According to a blog from Huffington Post entitled: Women’s 10 Biggest Worries About Sex–And How To Ease The Anxiety:
“The inability to climax is arguably the most universal female sexual problem: Recent studies have suggested that roughly 75 percent of women can’t orgasm through penetrative sex, and 10 to 15 percent can’t orgasm under any circumstances.”
One reason women have a problem achieving an orgasm is everything being connected to their sex drive. So if there’s financial or emotional struggles, it’s hard for her to climax. So, being concerned if you can be pleased sexually first in marriage shouldn’t be your highest concern.
Some men say they want to marry a woman who is sexually experienced. I disagree with this statement because if she can “freak you out” like no one else, you have to wonder where did she learn this from?
What if two virgins married and then had sex on their honeymoon? It would be the best sex they ever had because they didn’t have anyone to compare themselves to! Looking back over my life, I wish I stayed a virgin until I met my wife. Think about how much closer you would be to your spouse if you only knew this one person sexually? I discuss this more in the blog, “Three Reasons Why You Should Marry Young.”
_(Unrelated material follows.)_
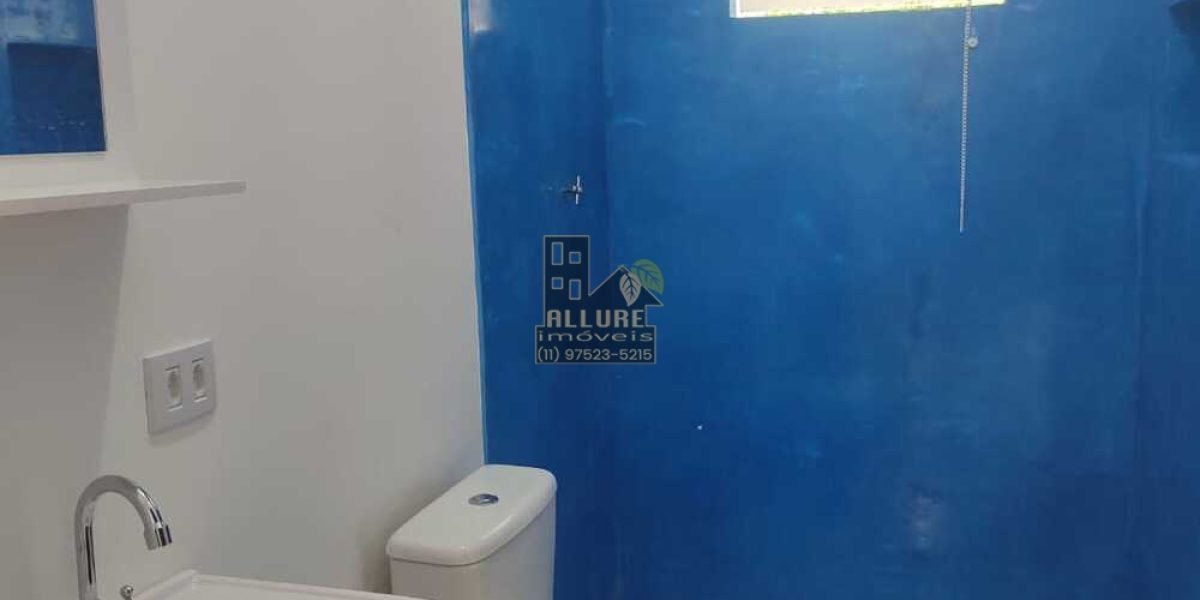 casa-conceito-aberto-6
I know what you are saying, “I’ve had more sexual partners in my past that I won’t tell my potential spouse the exact number!” Consider this: please don’t ask your potential spouse how many sexual partners they had in the past. Whatever their answer is, it’s too much for you to handle (kill the visual)!
A woman wants a man who can cover her financially, spiritually, and to protect her. Brothers, if you are lacking in one of these areas “The Doors of The Church” (her having sex with you) will be closed! I understand why singles are so concerned about being pleased sexually because they aren’t having sex (or shouldn’t be). Ladies, I’m sure you don’t want a man who’s been with every Lisa, Tammy, and Kim.
Singles are concerned about width, length, size and positions but that gets old over time. Be concerned about being healed spiritually and mentally before you stand at the altar. Sex is good in the context of marriage and yes, God created sex! When you can control your sexual desires while single, they can be controlled in marriage.
Guys, what will you do when it’s that time of the month for her? Can you control yourself? What happens when she’s not in the mood or some physical ailment is holding her back from pleasing you sexually? Marriage is more than sex. After those five minutes you still have twenty three hours and fifty-five minutes in a day with the one you marry!